The decision has been based on data the New England Journal of Medicine described as “revolutionary,” showing that Herceptin effectively halved the risk of tumour recurrence in women with early breast cancer.
In the UK, Herceptin has become a brand-name to be reckoned with as patients clamour for access to the drug – which comes with a price tag in excess of £20,000 per year – and politicians and regulators juggle with what has become somewhat of a hot potato.
On the one hand, Health Secretary Patricia Hewitt has called for greater access to Herceptin – even for the non-approved indication of early breast cancer – while the National Health Service struggles to stump up the money amid a deepening cash crisis. And patients have taken their primary care trusts to the High Court to secure treatment with the drug; most recently, Anne Marie Rogers won her legal battle after Swindon PCT refused to pay for her therapy.

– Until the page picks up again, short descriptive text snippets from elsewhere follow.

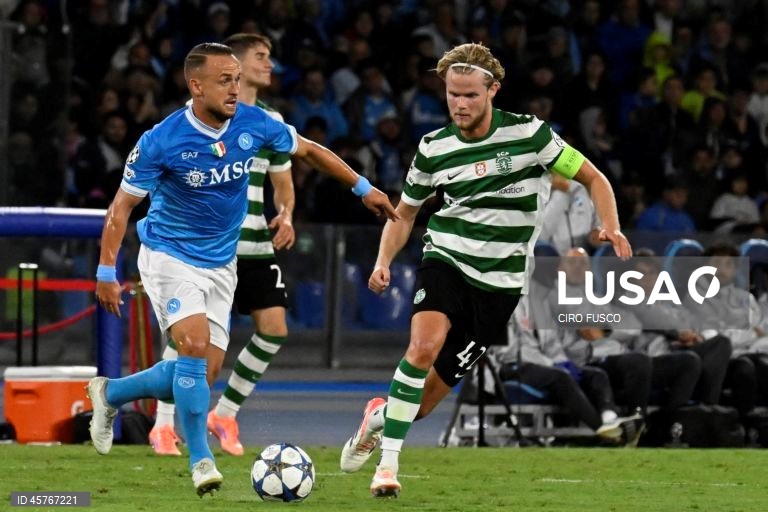 O Sporting somou hoje a primeira derrota na fase de liga da Liga dos Campeões de futebol, ao perder por 2-1 na visita ao Nápoles, em jogo da segunda jornada disputado no Estádio Diego Armando Maradona, em Itália.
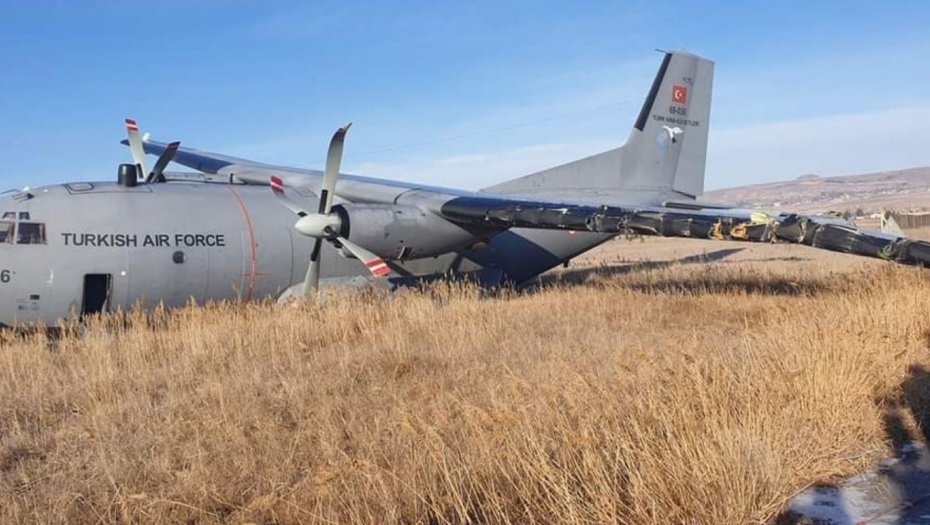 DRAMATIČNO U TURSKOJ Srušio se vojni avion (VIDEO)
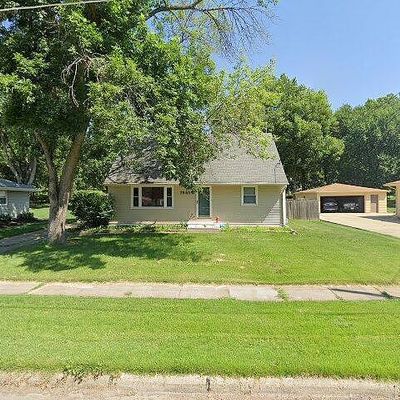 7845 Drake St, Clive, IA 50325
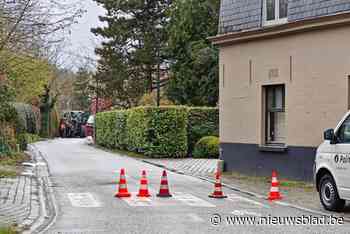 Straat vlak bij restaurant afgesloten na ongeval: brandweer ter plaatse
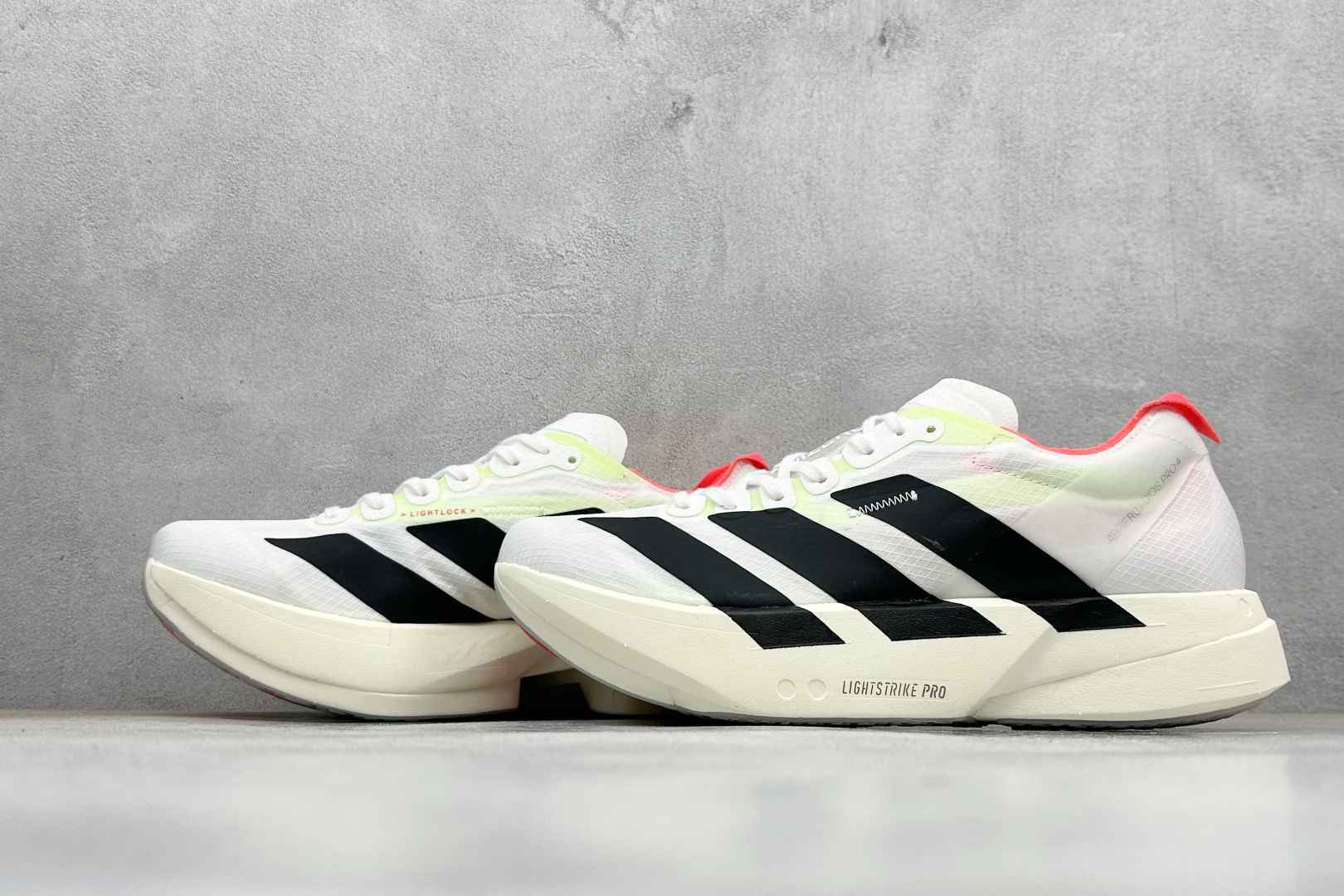 260 Adidas Adizero Pro Evo 4 M 阿迪超轻透气缓震跑鞋 JR1094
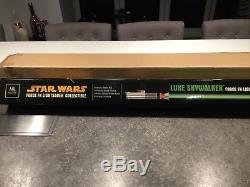 Star Wars Luke Skywalker Master Replica Fx Lightsaber 2005 -sealed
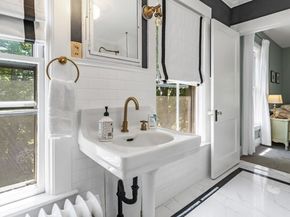 56 Cherry St, Spencer MA 01562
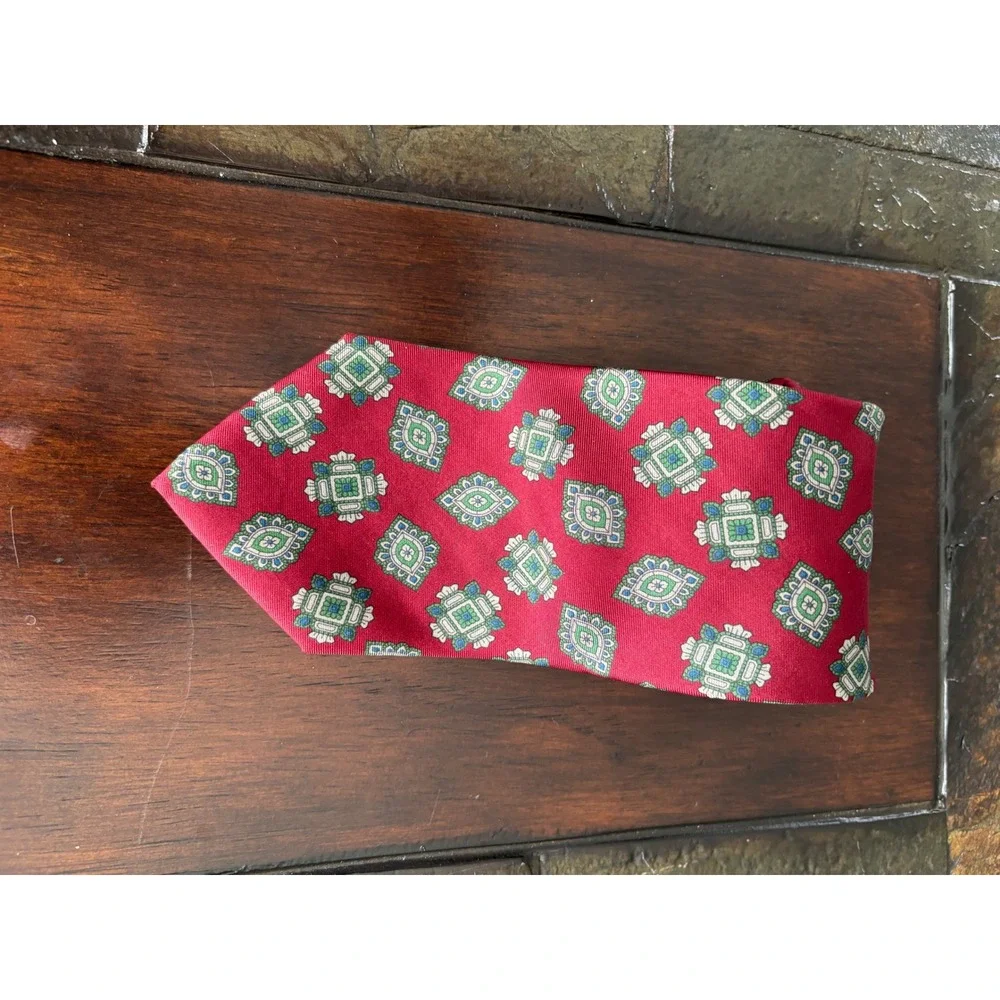 GJCAHN for Muse's silk mens necktie‎ red green paisley vtg 80s handmade USA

In the middle of all this is the country’s cost-effectiveness body, the independent National Institute for Health and Clinical Excellence, which has the job of assessing whether Herceptin should be made available on the NHS. Hewitt’s intervention led to the Institute building in a fast-track system to allow speedier decisions to be made; it began the process as soon as Roche submitted its application to the European regulators in February and says it expects to make what is perhaps the most politically sensitive recommendation of its existence in July.
Herceptin, which is already available for advanced breast cancer, saw a doubling of its turnover during the first three months of this year to in excess of 860 million Swiss francs ($686 million).